While there are certainly situations where closed doors are necessary to maintain the safety and reduce distractions, an unquestioned security policy like keeping doors closed is inadvertently serving as a barrier to R2O. Due to examples like this, I find that collocation is a necessary but not sufficient condition for inducing a relationship between research and operations. We must work harder to break down organizational silos; this does not happen with physical barriers, and without encouraging employees to rethink, and challenge, institutional constructs.
In one word, the core element of R2O is “collaboration”. It is essential that research and operational sectors work together to build the community and push forth the field. In order to be better at R2O, we need to be better at collaboration as a whole. The September 2015 issue of Harvard Business Review (HBR) contains an article on collaboration, “Collaborate for Real”, that discusses the ingredients for building a cooperative culture. The conclusion is that organizations with strong, inclusive departments or teams can lose track of the larger focus in pursuit of achieving group goals. This way of operating can destroy value over the long haul.
If R2O is about increasing value, then we need to think about collaboration as a community. And there are many examples of this today. We have professional and scientific meetings where researchers, academics, and industry partners all come together to exchange ideas and contact information. The NWS even runs a Collaborative Science, Technology, and Applied Research (CSTAR) program. Formal collaboration is great, and ensuring funds exist to foster R2O relationships is essential, but organic collaboration is cheaper, more sustainable, and impactful in large organizations and communities.

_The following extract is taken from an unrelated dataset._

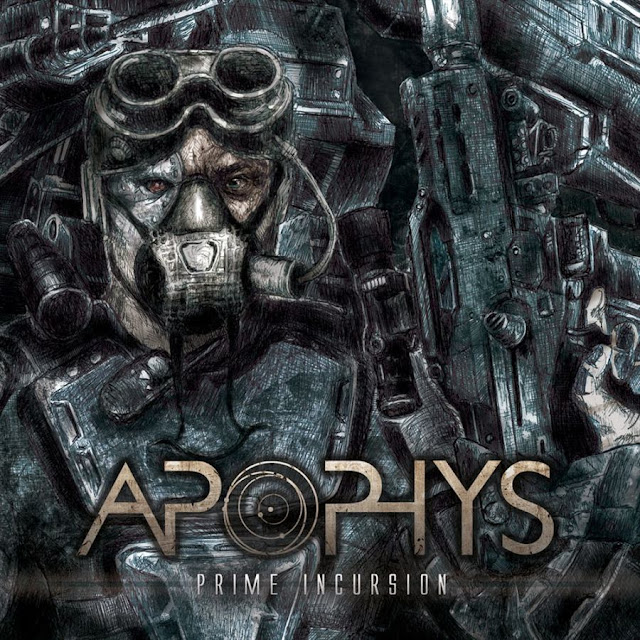 Best Progressive/Technical Death Metal Cover in 2015, Æpoch Æpochalypse, As The Legacy Unveils Nathyr, Return Of The Dark Gods Blade of Horus, Dire Necro Cerberus I Dire Necro Cerberus, From Past To Chaos Bloodgush, Inusto Will 'o' Wisp, Laniakea The Ritual Aura, Polemic Contrarian,  Prime Incursion Aphopys, Reflecting The Inside Anachronism, Scorn Of Eternity Paean, The Abstract The Abstract, The Anomalies Of Artificial Origin (Remixed & Remastered) Abominable Putridity, The Reign Catastrophe Komponen Neraka, The Sleep Scriptures Hatchling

The Facebook campus is known for shared and open workspaces. It uses automatic doors so that engineers keep moving and interacting. But this is not all. Facebook also implemented a multi-week training program that, while maintaining core information, introduced new hires to the entire company and encouraged social bonding among those hires. Given Facebook’s success, we can learn from this design in implementing proximate physical areas for researchers and practitioners, and establishing an orientation program that counteracts geographical constraints existing in the weather community. We must do more to create a community culture that supports innovation in the R2O realm. Let’s keep the doors open, fight silos, and work together.
Further reading for those interested: The HBR article mentions a new book, “The Silo Effect”, by Gillian Tett, that discusses multiple organizations and their silos, and offers some answers on how to deal with them.